Mr+Z · Slashdot Mirror

Re:You're thinking too literally on What's the Worst Acronym You've Ever Heard? · 2002-03-02 14:34 · Score: 1

Must be my cold. Usually I would've gotten a joke like that. :-) Thanks.

--Joe

I'll bite. on What's the Worst Acronym You've Ever Heard? · 2002-03-02 11:24 · Score: 1

I don't get it. What is the significance of K9P?

--Joe

Re:kids today play too many video games... on 40th Anniversary of Video Games · 2002-02-28 07:39 · Score: 2, Funny

Ok, so one time me and my friend spent so much time playing tetris (the cool 2 at a time, race mode thingy on the ol' nintendo) day.

Wow, you must've had the Tengen version (for NES), not Nintendo's version. I envy you.

--Joe

Re:Why delay the hybrid? on It's (Almost) Hammer Time · 2002-02-26 10:56 · Score: 1

Depends on the ABI. If your ABI keeps sizeof(long) == sizeof(int) and sizeof(int) == 4, then you're ok. (This presumes you'll rely on long long for 64-bit integer objects.) What'll break for that model are apps that assume sizeof(long) >= sizeof(void *).

The most likely model will probably make long 64 bits and keep int at 32. Anyone read up on the ABI for x86-64?

--Joe

Re:Will this hammer... on It's (Almost) Hammer Time · 2002-02-26 10:45 · Score: 1

Not like Intel is that much better. Heck, according to the designers here, Itanium apparently burns 35 Watts in its clock tree alone!

--Joe

Freudian Slip on HTTP's Days Numbered · 2002-02-26 07:42 · Score: 1

Again, with emphasis on the inadvertant Freudian slip:

"Microsoft has some ideas (on how to break the independence on HTTP), IBM has some ideas, and others have ideas. We'll see," he said. But, he added, "if one vendor does it on their own, it will simply not be worth the trouble."

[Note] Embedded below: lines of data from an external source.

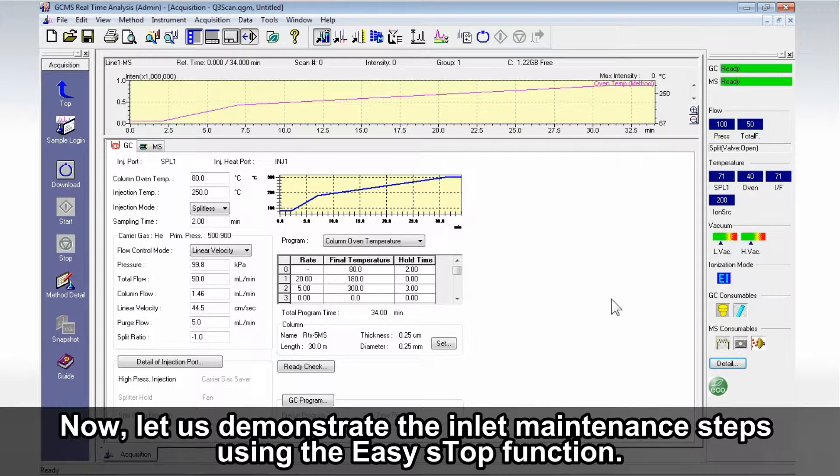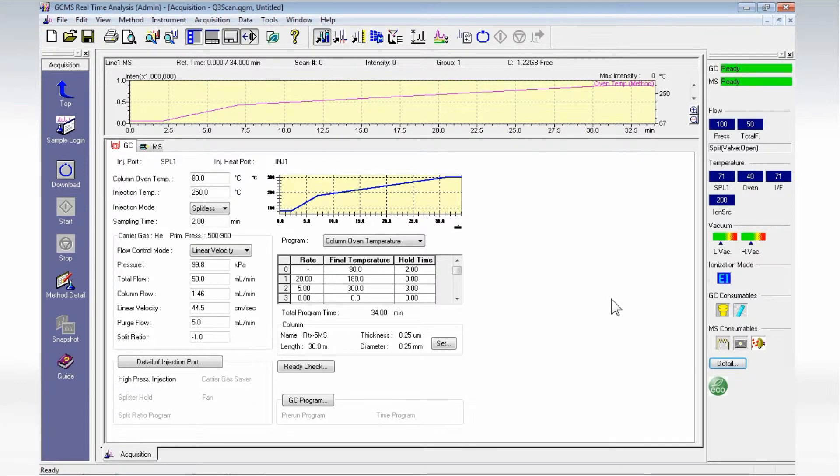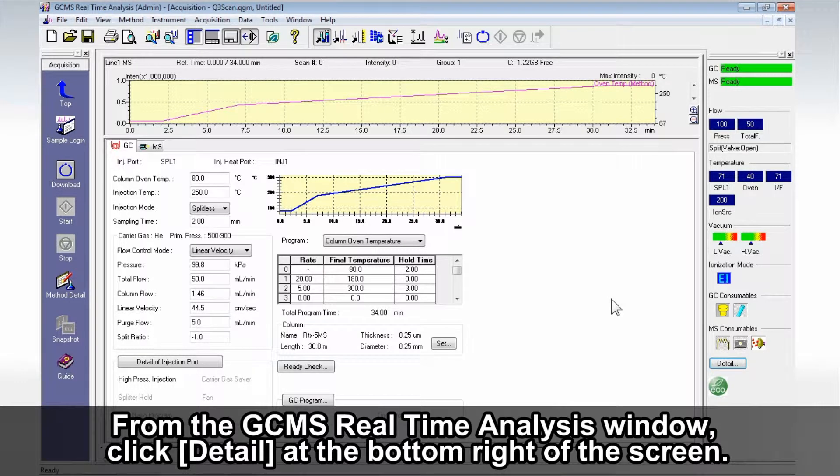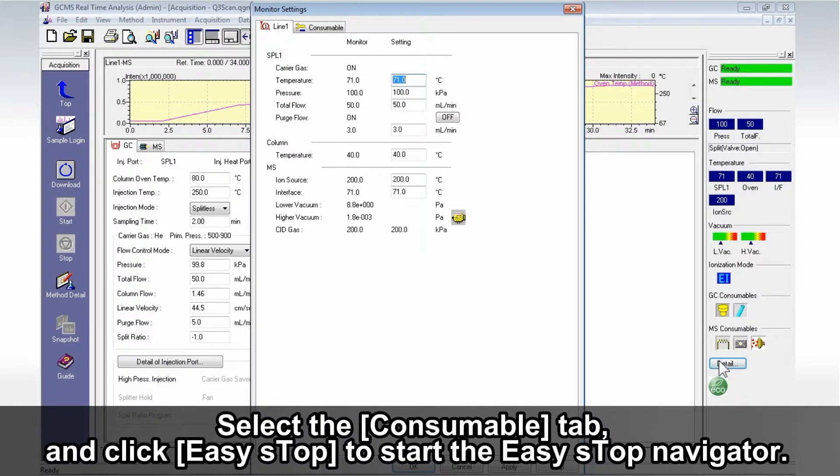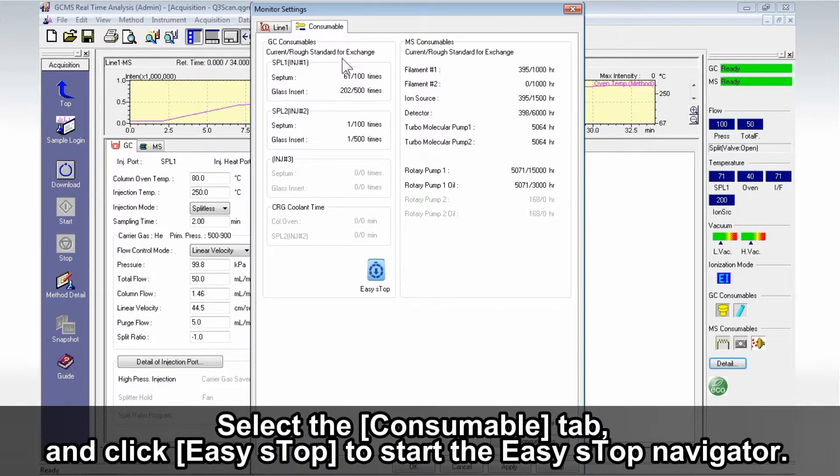Now, let us demonstrate the inlet maintenance steps using the EasyStop function. From the GC-MS real-time analysis window, click Detail at the bottom right of the screen. Select the Consumable tab and click EasyStop to start the EasyStop navigator.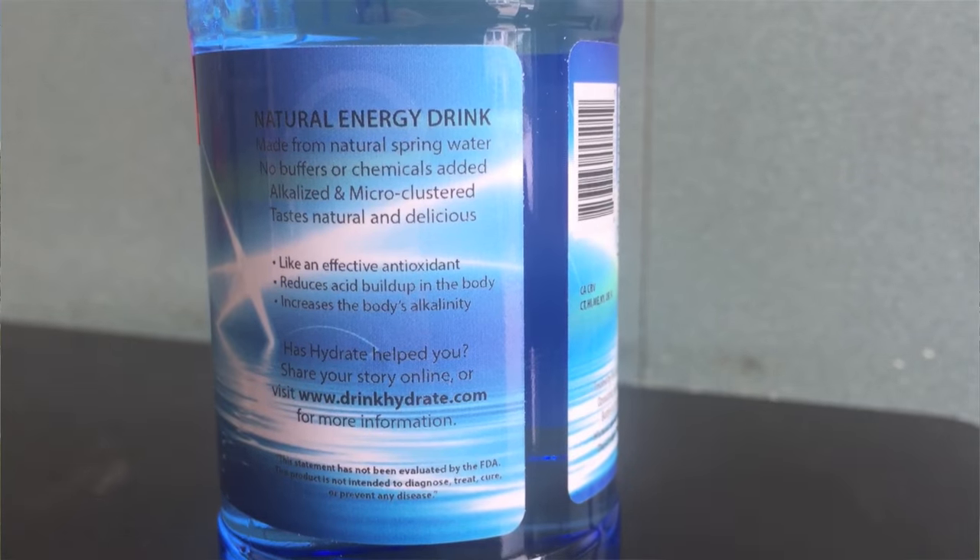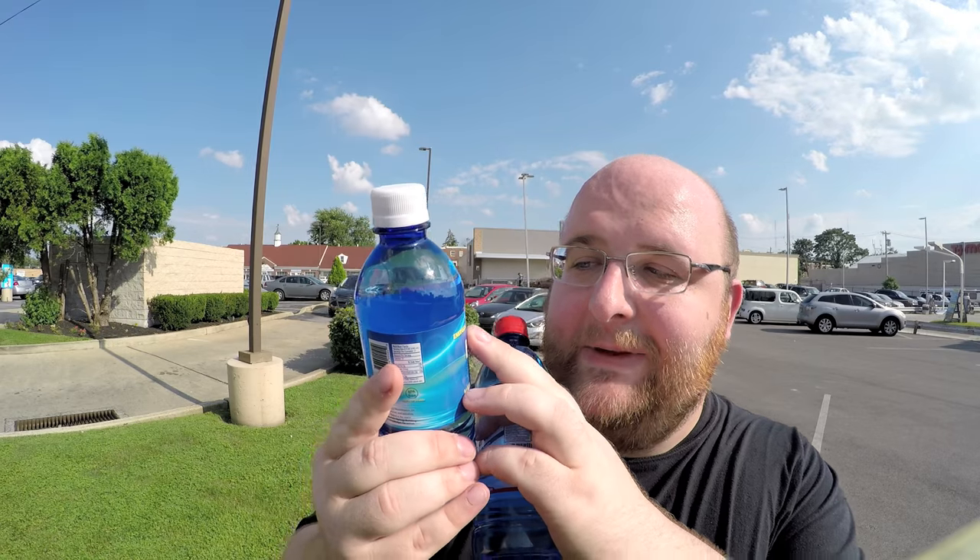These are both from a health food type of store. This one has a high pH level, and this one says it hydrates up to six times faster — but it doesn't say faster than what. So maybe it means it's faster than salt water for hydrating you, which is kind of a weird claim.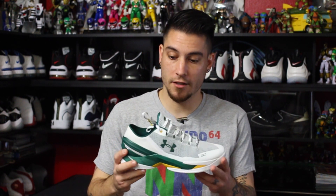Yo what's good guys, this is Nightwing2303 from waretesters.com. Today we got a quick look at the recently released Under Armour Curry 2 Low.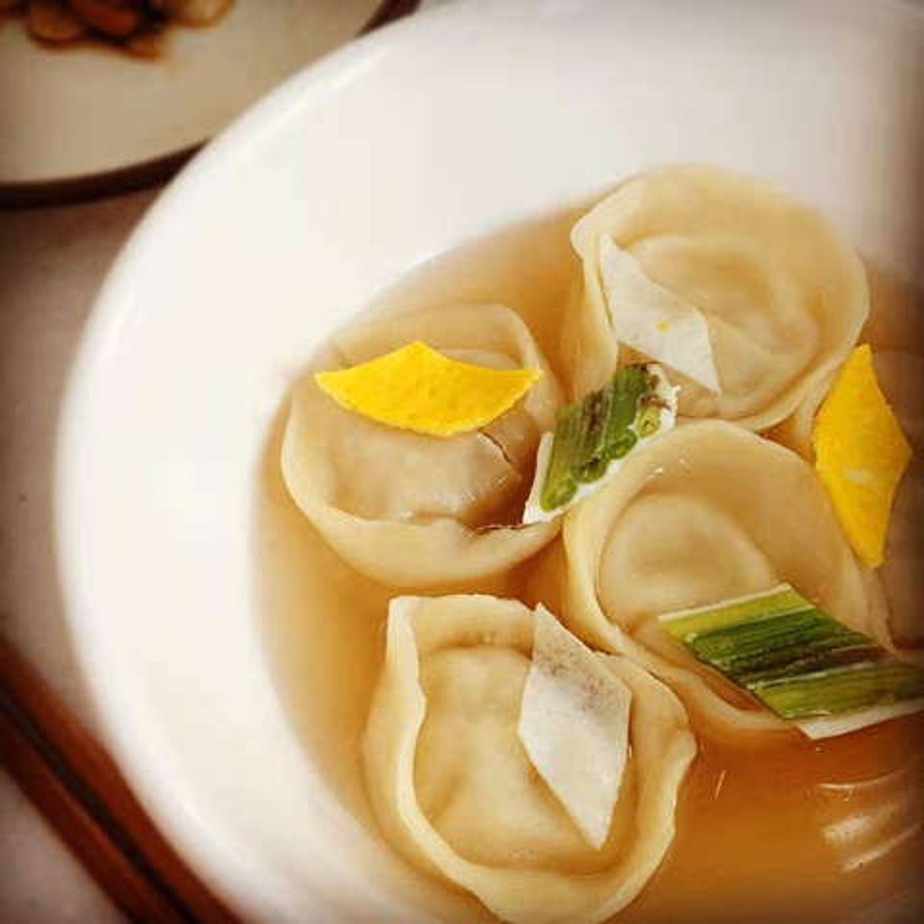Related dishes include mandu (dumpling), tteok guk (rice cake soup), kalguksu (knife-cut noodle soup), and kreplach (dumpling soup).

I'm sure they meant "break the dependence on HTTP" (which, for applications that don't fit HTTP's model but are using it anyway, that's a good thing). But saying "Microsoft has some ideas on how to break independence" is just beautiful. :-)

--Joe

Re:Do what? on NOA to Sue for Flash Advance Linkers · 2002-02-26 06:26 · Score: 1

Thanks. I was wondering about that myself, and the EFF's FAQ actually cleared things up.

--Joe

Re:Self-documenting code, etc. on Computing Pet Peeves? · 2002-02-26 06:22 · Score: 1

In this case, it was being used as the starting term in a polynomial evaluation for Chien Search. I just looked at the code, and the constant is not quite 1, but rather 0x01010101 (because the code is SIMD-optimized, and is doing the same computation in parallel on four different bytes in one word).

In this context, I would've named the constant something like "ones", or "one", or maybe even k01010101, rather than a five-syllable name. (Rarely do you need the word 'constant' in a variable name, and 'one' and 'unity' are usually synonyms.) In fact, many of the variables in that file could've been given more terse, yet more descriptive names. I'm firmly convinced it's an art.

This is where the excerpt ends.